(Data provided begins)

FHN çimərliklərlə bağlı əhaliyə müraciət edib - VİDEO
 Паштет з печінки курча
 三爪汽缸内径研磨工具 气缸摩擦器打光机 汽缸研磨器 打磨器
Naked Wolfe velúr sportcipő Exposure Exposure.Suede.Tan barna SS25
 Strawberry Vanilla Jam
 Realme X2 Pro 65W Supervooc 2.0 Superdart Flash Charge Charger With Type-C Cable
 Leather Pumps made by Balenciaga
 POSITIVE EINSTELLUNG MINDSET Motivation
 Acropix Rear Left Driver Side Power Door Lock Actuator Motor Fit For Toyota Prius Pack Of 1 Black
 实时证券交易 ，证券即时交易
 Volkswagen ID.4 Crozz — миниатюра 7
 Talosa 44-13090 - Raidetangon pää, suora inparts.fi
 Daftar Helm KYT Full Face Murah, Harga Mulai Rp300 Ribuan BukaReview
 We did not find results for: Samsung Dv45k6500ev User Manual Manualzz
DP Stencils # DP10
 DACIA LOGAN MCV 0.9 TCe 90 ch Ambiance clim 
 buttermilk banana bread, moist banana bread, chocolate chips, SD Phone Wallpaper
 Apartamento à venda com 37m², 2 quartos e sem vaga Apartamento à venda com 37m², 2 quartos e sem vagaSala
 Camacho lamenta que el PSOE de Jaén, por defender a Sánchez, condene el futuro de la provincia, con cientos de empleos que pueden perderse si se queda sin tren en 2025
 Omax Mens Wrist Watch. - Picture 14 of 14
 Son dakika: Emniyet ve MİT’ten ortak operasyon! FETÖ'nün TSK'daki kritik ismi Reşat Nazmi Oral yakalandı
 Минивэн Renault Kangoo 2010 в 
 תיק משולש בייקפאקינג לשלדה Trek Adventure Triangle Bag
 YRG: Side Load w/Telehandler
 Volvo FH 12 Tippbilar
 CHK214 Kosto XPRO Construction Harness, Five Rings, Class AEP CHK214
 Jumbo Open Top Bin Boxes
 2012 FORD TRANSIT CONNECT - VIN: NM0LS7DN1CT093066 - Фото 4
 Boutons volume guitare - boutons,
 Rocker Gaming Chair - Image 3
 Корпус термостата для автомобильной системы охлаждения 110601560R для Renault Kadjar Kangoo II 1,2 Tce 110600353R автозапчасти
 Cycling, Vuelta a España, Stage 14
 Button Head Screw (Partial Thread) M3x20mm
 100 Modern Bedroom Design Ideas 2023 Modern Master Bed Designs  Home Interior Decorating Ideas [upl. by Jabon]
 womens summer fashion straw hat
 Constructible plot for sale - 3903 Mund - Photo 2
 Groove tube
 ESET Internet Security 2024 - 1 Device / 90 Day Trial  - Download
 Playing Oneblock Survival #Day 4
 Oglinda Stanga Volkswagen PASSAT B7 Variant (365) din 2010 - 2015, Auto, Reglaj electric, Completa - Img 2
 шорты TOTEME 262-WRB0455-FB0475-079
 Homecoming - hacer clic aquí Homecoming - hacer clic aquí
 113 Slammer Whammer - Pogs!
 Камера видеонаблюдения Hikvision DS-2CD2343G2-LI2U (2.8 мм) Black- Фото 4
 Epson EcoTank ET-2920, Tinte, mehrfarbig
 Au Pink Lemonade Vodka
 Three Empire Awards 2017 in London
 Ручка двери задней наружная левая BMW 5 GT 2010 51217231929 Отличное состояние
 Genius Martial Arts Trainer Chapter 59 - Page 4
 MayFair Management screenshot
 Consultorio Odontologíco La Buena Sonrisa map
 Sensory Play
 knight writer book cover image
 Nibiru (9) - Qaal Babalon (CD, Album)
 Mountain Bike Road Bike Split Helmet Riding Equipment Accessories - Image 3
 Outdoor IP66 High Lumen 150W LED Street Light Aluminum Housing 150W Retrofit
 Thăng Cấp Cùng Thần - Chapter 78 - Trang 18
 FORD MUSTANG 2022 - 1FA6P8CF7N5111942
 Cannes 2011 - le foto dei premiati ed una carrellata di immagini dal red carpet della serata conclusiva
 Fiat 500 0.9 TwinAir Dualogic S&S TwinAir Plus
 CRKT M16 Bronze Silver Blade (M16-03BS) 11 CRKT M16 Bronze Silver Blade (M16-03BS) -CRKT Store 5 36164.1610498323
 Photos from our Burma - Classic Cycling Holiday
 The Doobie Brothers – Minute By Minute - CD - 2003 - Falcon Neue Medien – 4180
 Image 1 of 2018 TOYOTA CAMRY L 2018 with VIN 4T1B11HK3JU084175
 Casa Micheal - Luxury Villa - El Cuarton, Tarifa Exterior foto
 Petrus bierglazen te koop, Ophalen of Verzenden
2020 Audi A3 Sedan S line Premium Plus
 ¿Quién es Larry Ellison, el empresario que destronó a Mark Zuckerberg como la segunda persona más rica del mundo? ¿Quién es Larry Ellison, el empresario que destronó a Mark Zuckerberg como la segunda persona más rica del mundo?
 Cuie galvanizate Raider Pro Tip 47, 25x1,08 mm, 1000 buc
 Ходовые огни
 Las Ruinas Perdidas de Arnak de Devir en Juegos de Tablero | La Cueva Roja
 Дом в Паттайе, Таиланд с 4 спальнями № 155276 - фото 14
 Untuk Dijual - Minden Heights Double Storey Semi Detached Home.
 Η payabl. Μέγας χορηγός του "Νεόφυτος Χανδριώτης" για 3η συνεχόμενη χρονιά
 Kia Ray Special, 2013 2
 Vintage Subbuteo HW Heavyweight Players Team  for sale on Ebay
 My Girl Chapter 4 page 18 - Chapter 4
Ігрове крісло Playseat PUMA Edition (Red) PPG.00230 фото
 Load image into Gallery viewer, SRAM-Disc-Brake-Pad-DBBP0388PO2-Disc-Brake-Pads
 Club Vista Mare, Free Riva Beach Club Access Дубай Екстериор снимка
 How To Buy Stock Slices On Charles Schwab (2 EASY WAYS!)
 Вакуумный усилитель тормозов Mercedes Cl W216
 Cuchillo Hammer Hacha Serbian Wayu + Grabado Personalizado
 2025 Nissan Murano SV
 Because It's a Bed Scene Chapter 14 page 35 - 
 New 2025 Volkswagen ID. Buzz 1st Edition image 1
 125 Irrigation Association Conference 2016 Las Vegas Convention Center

(Data provided ends)

Exercise details | Print each line, exactly as written, from the one that contains "Kia Ray Special, 2013 2" to the end of the data above, with both end lines included and nothing else.

Output |
 Kia Ray Special, 2013 2
 Vintage Subbuteo HW Heavyweight Players Team  for sale on Ebay
 My Girl Chapter 4 page 18 - Chapter 4
Ігрове крісло Playseat PUMA Edition (Red) PPG.00230 фото
 Load image into Gallery viewer, SRAM-Disc-Brake-Pad-DBBP0388PO2-Disc-Brake-Pads
 Club Vista Mare, Free Riva Beach Club Access Дубай Екстериор снимка
 How To Buy Stock Slices On Charles Schwab (2 EASY WAYS!)
 Вакуумный усилитель тормозов Mercedes Cl W216
 Cuchillo Hammer Hacha Serbian Wayu + Grabado Personalizado
 2025 Nissan Murano SV
 Because It's a Bed Scene Chapter 14 page 35 - 
 New 2025 Volkswagen ID. Buzz 1st Edition image 1
 125 Irrigation Association Conference 2016 Las Vegas Convention Center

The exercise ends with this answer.